** Material to process follows **

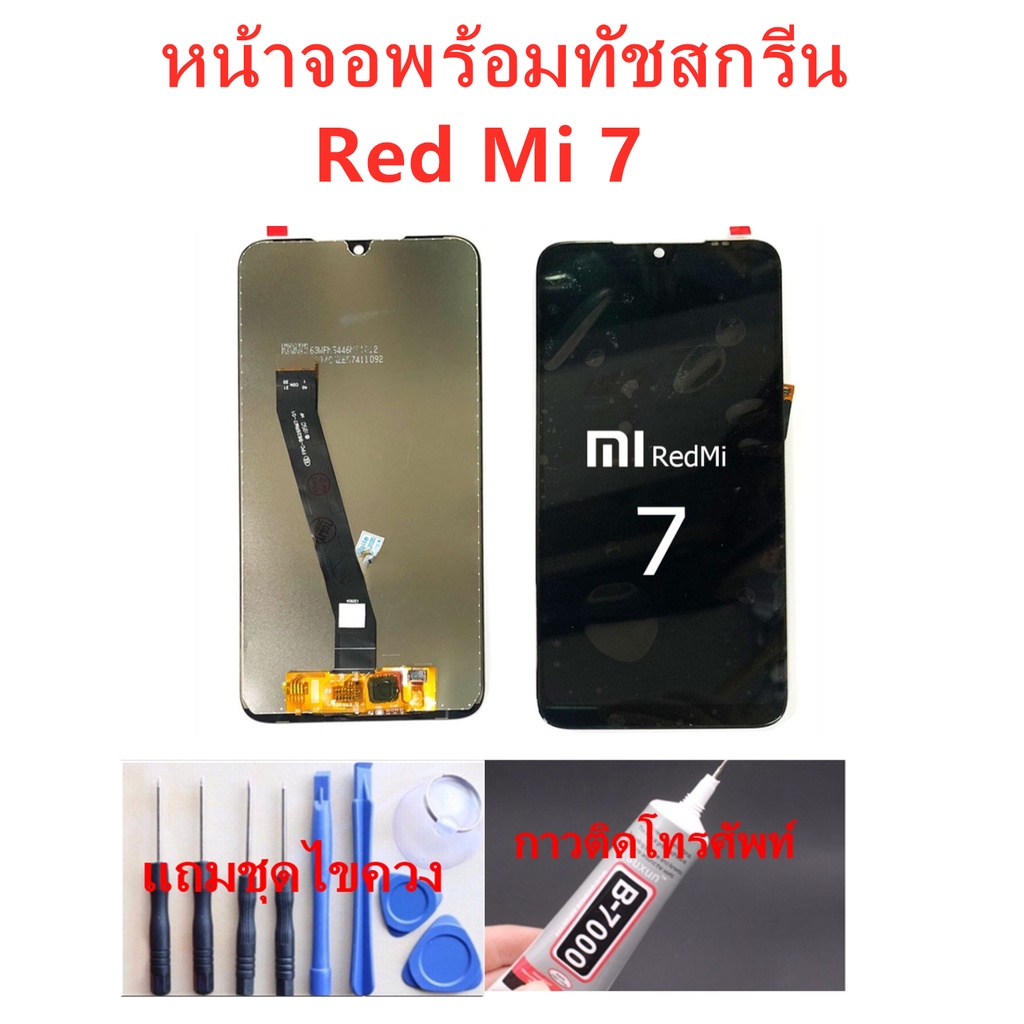 หน้าจอ Xiaomi Redmi 7 อะไหล่หน้าจอREDMI7จอชุดพร้อมทัสกรีนREDMI7จอชุดREDMI7แถมชุดไขควง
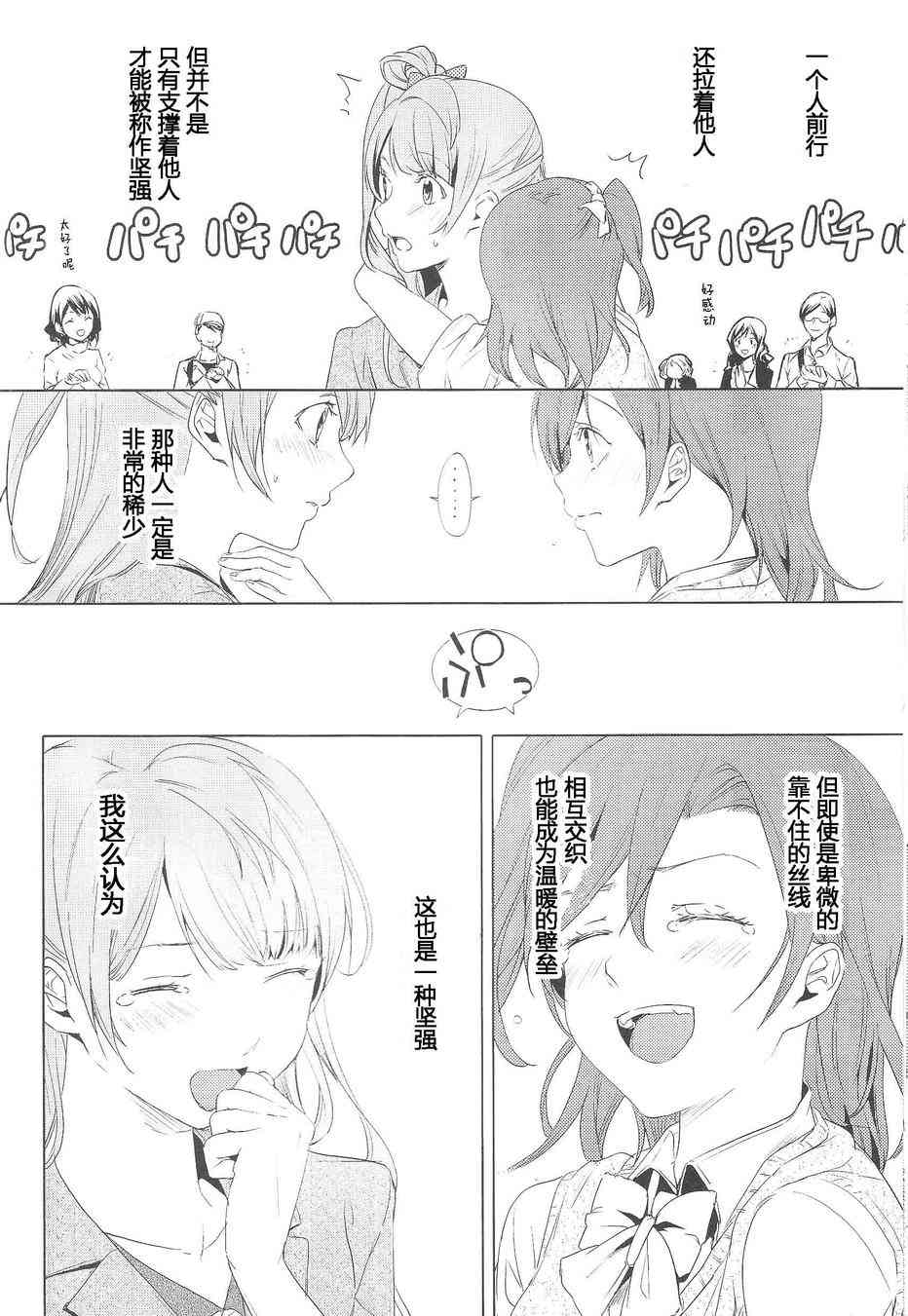 🍔LoveLive 纵使秋天来临，也请待在我身边 第20页
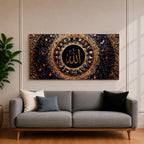 Panoramic artwork featuring golden Arabic calligraphy of Allah centered within an ornate circular Islamic mosaic pattern with deep blue, gold, and jewel toned geometric details.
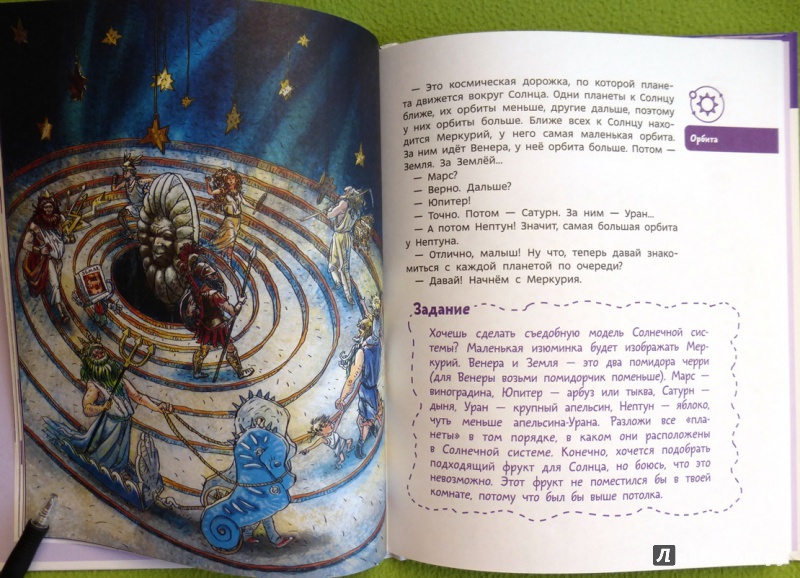 Иллюстрация 57 из 148 для Увлекательная астрономия - Елена Качур | Лабиринт - книги. Источник: reader*s
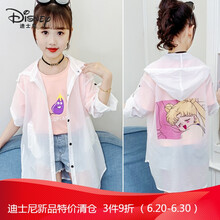 迪士尼/支持鴻星尔克 女童冰丝中长款防晒衣轻薄透气儿童夏季外套中大童防紫外线皮肤衣 白色 160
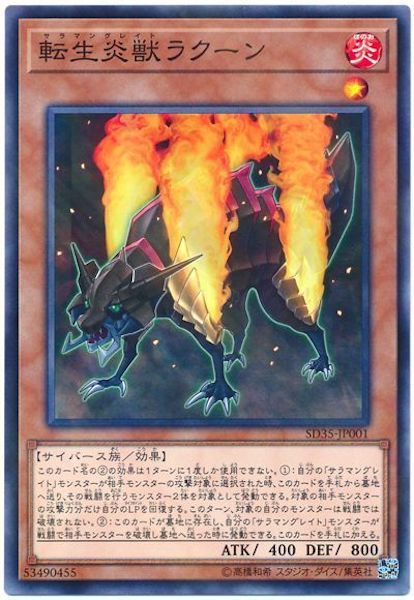 [SD35]転生炎獣ラクーン(ノーマルパラレル)SD35-JP001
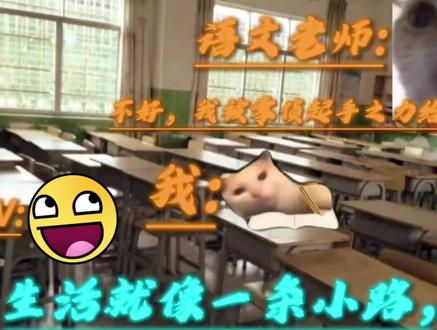 |第四集|(四年级下册语文第6单元作文《我学会了一》)生活就像一条小路,路上有鲜花美景……#老师别为难我了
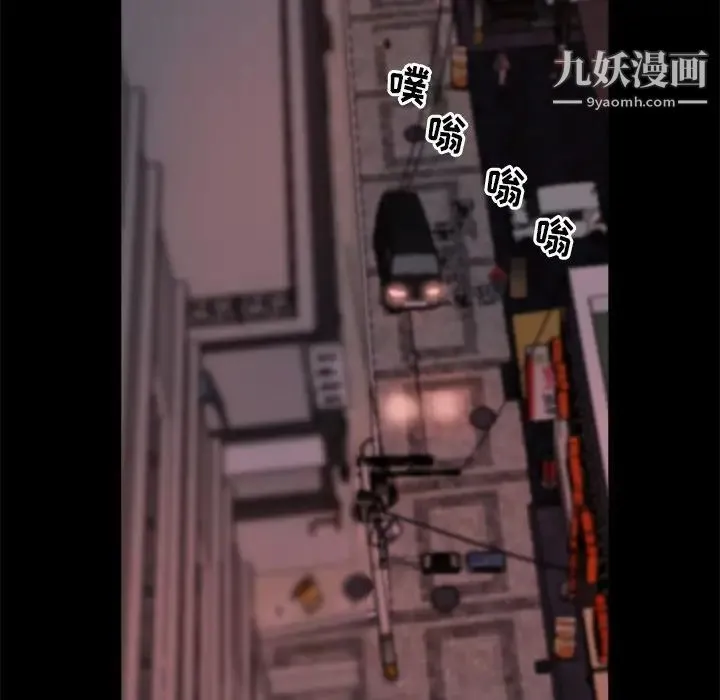 蜕变 第21话 第59页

** End of Material to process **

[Problem]:
Restate the entries word for word, though any image they contain should not appear.

[Task result]:
 หน้าจอ Xiaomi Redmi 7 อะไหล่หน้าจอREDMI7จอชุดพร้อมทัสกรีนREDMI7จอชุดREDMI7แถมชุดไขควง
 🍔LoveLive 纵使秋天来临，也请待在我身边 第20页
 Panoramic artwork featuring golden Arabic calligraphy of Allah centered within an ornate circular Islamic mosaic pattern with deep blue, gold, and jewel toned geometric details.
 Иллюстрация 57 из 148 для Увлекательная астрономия - Елена Качур | Лабиринт - книги. Источник: reader*s
 迪士尼/支持鴻星尔克 女童冰丝中长款防晒衣轻薄透气儿童夏季外套中大童防紫外线皮肤衣 白色 160
 [SD35]転生炎獣ラクーン(ノーマルパラレル)SD35-JP001
 |第四集|(四年级下册语文第6单元作文《我学会了一》)生活就像一条小路,路上有鲜花美景……#老师别为难我了
 蜕变 第21话 第59页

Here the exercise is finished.